What we need to do first is finding a dataset of images with fruits. We found one on GitHub. We download the repo to our Jupyter environment and do some basic preprocessing (resizing images to fit our Neural Network and normalising the values).
Now that we have our data we choose a model. We start out with a very basic one:
What we have is a deep neural network, with 2 convolutional layers, and 3 fully connected layers, resulting in an X number of outputs. The number of outputs depends on how many classes we have. In our case we have 81 classes, which is the number of different types of fruits that are in the dataset.
We start training, and get nice results:
The first challenge
However, we run into a problem. Since our dataset only has images with white backgrounds, the network “assumes” that the background is part of the object (fruit) it is trying to learn to recognise. We have a feeling this will be an issue, and verify that by replacing the background of one of the fruits in the test set to black.

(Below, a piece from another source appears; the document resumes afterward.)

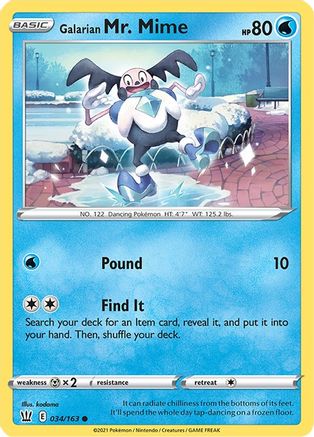Galarian Mr. Mime (034/163) [Sword & Shield: Battle Styles]-1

As you can see the result is terrible, the image clearly shows a banana but the network thinks its a cherry! The ‘normal’ solution to this problem would be to find images of fruit that are in context. Think about images where people are holding the fruit, or they’re laying on a surface. We could create this dataset ourselves, by taking a lot picture of fruits, or we can try to find them online. However, we want to try a different method. What will happen if we just manipulate the white background?
Our little experiment
Our reasoning was as follows: if we can change the background color so there is no correlation between the backgrounds in different images, the network may be able to “regard” this data as irrelevant. We create a simple script that replaces the white background with random noise, which looks like this:
After we create our modified training set, we feed the images to the network and wait for it to finish training. Once it’s finished we test our network. The test set still contains images with a white background.
The results? Terrible! We get an accuracy of 24%…

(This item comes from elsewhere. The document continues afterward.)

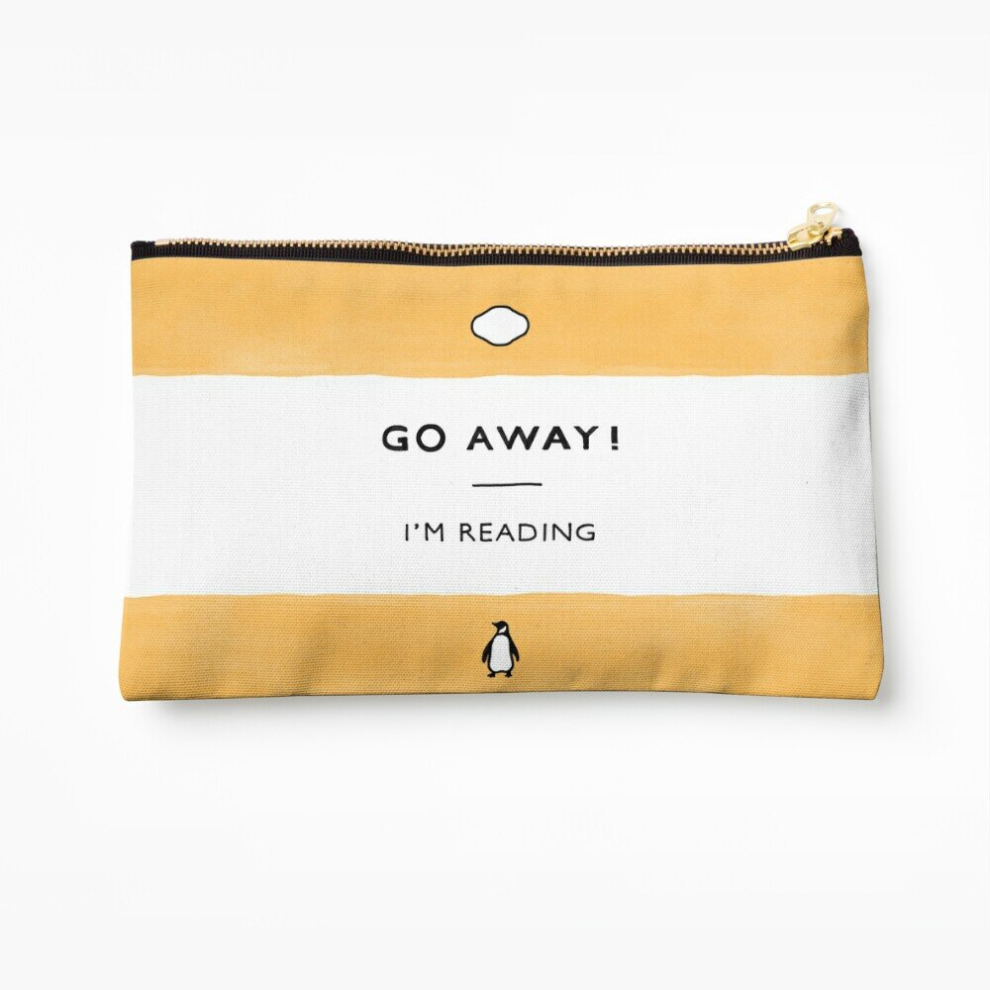 Whibos Makeup Bag Go Away! I'm Reading - Penguin Book - Book Lover, Book Quote Cosmetic Organizer Tyvek Paper Bags Zipper Pouch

Now, it’s difficult to reason why the results are this bad. However, we can make quite a good guess when looking at the images. Even though the background is random, they still look very similar! So, presumably, this isn’t ‘different’ enough.
It’s time for approach 2: making it more different!

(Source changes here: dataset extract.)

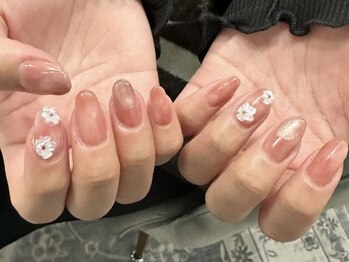 レアネイル(Lea nail)/ピンクニュアンス×フラワー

We decide to just replace the backgrounds with a single random color.
We now get an accuracy of 42%, which is already better. If we would have more (similar) training data, we could likely get a higher accuracy. This shows the importance of having a lot of data!
An even more important learning we can take from this case is the importance of having data that represents the problem you’re trying to solve. If we just want to recognise fruits on a white background [and nicely cropped] this dataset would suffice. However, in our case we want to point the camera of our phone at whichever surface and still be able to recognise the fruit. Your data should reflect your scenario.
My goal was to give you an idea of how we started the machine learning process for the given problem. If you’re new to this matter, I hope you could get a grasp of what it takes to process data and of the experiment we did by giving the fruit random background colors. Please note that this is just the first process of creating an actual app, which I left untouched in this blog post.
At the moment we’re training more and more data on our servers to improve the recognition process. As this is a project we’re doing outside work hours, creating the app will take a while. When we’ve actually built it, I’ll write another blog post going more in detail in that process!
Summarising our experience in one sentence: you’ll always need more and better data! We may even go as far as saying: data is more important than the network!
For the developers amongst us
We wrote our ML script in Python and used the library PyTorch. There are a lot of nice Python libraries out there. Our choice wasn’t for any specific reason, except that we had used it before. On our local server we installed Jupyter lab (created by Jupyter Project), which gives you a nice environment for interactive programming. I highly suggest checking it out.